It is equivalent to @code{(@var{x}) < (@var{y})}, but no exception is
raised if @var{x} or @var{y} are NaN.
@end deftypefn

@comment math.h
@comment ISO
@deftypefn Macro int islessequal (@emph{real-floating} @var{x}, @emph{real-floating} @var{y})
This macro determines whether the argument @var{x} is less than or equal
to @var{y}.  It is equivalent to @code{(@var{x}) <= (@var{y})}, but no
exception is raised if @var{x} or @var{y} are NaN.
@end deftypefn

@comment math.h
@comment ISO
@deftypefn Macro int islessgreater (@emph{real-floating} @var{x}, @emph{real-floating} @var{y})
This macro determines whether the argument @var{x} is less or greater
than @var{y}.  It is equivalent to @code{(@var{x}) < (@var{y}) ||
(@var{x}) > (@var{y})} (although it only evaluates @var{x} and @var{y}
once), but no exception is raised if @var{x} or @var{y} are NaN.

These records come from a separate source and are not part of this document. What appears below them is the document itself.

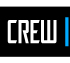 Crew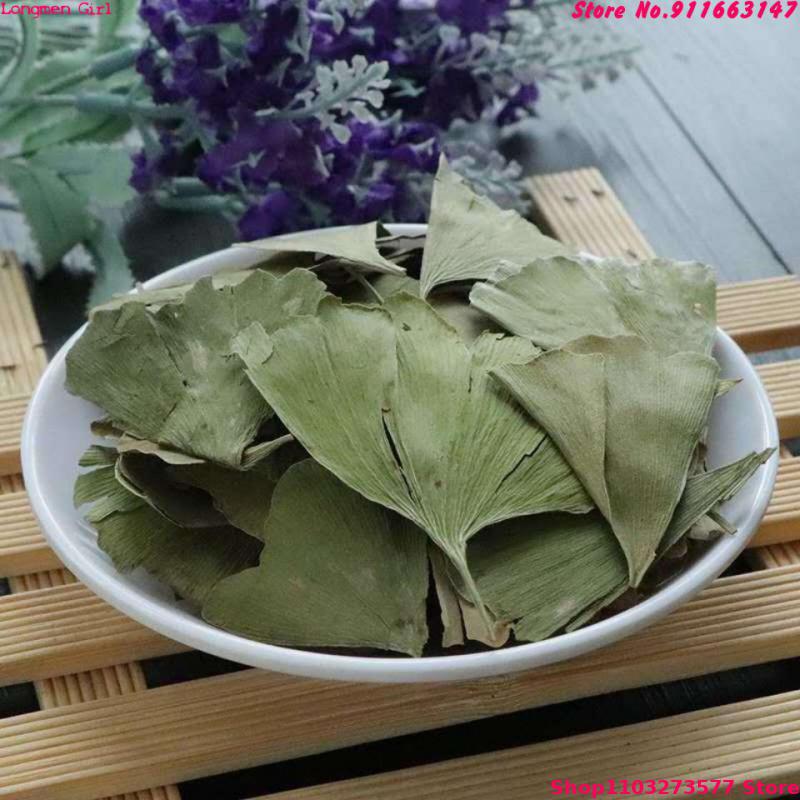 ใบแปะก๊วยแห้งคุณภาพสูง สำหรับค - Quality Home Fragrance บทวิจารณ์และราคา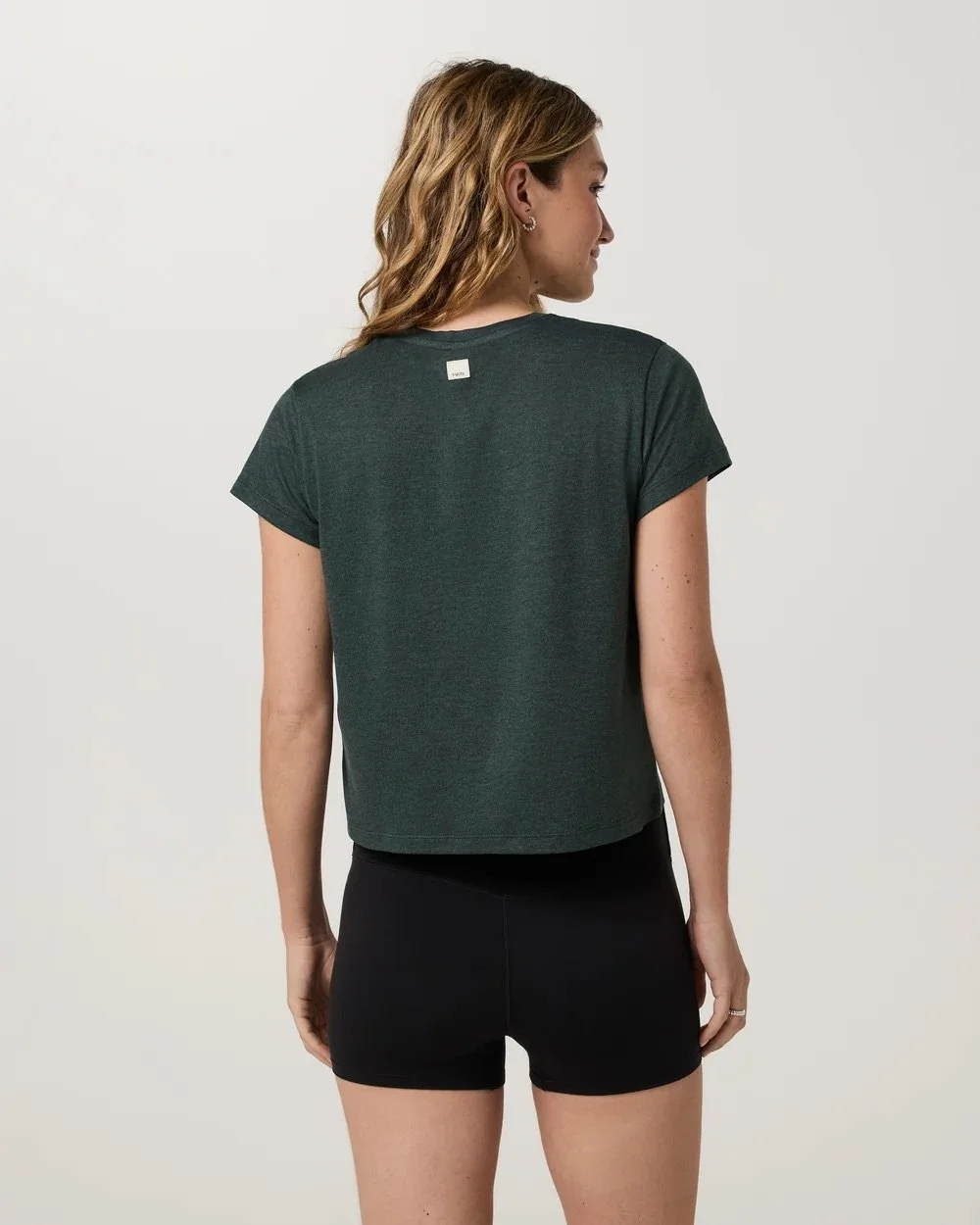 Energy Classic Tee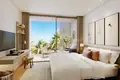 Appartement 2 chambres 144 m² Choeng Thale, Thaïlande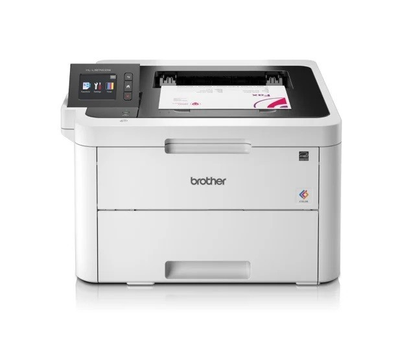 Принтер Brother HL-L3270CDW
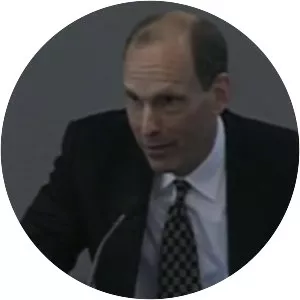 Hanan Jacoby - Economist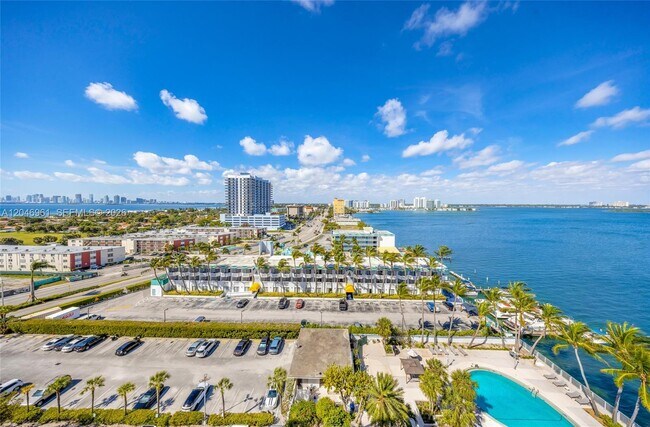 Building Photo - 1865 79th Street Causeway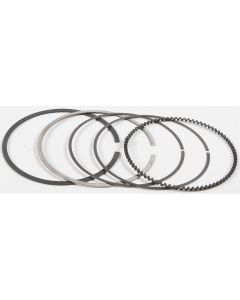 Wiseco Ring Set "Xx" Type 9100XX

This macro is not equivalent to @code{@var{x} != @var{y}}, because that
expression is true if @var{x} or @var{y} are NaN.
@end deftypefn

@comment math.h
@comment ISO
@deftypefn Macro int isunordered (@emph{real-floating} @var{x}, @emph{real-floating} @var{y})
This macro determines whether its arguments are unordered.  In other
words, it is true if @var{x} or @var{y} are NaN, and false otherwise.
@end deftypefn

Not all machines provide hardware support for these operations.  On
machines that don't, the macros can be very slow.  Therefore, you should
not use these functions when NaN is not a concern.

@strong{Note:} There are no macros @code{isequal} or @code{isunequal}.
They are unnecessary, because the @code{==} and @code{!=} operators do
@emph{not} throw an exception if one or both of the operands are NaN.

@node Misc FP Arithmetic
@subsection Miscellaneous FP arithmetic functions
@cindex minimum
@cindex maximum
@cindex positive difference
@cindex multiply-add

The functions in this section perform miscellaneous but common
operations that are awkward to express with C operators.  On some
processors these functions can use special machine instructions to
perform these operations faster than the equivalent C code.

@comment math.h
@comment ISO
@deftypefun double fmin (double @var{x}, double @var{y})
@comment math.h
@comment ISO
@deftypefunx float fminf (float @var{x}, float @var{y})
@comment math.h
@comment ISO
@deftypefunx {long double} fminl (long double @var{x}, long double @var{y})
The @code{fmin} function returns the lesser of the two values @var{x}
and @var{y}.  It is similar to the expression
@smallexample
((x) < (y) ? (x) : (y))
@end smallexample
except that @var{x} and @var{y} are only evaluated once.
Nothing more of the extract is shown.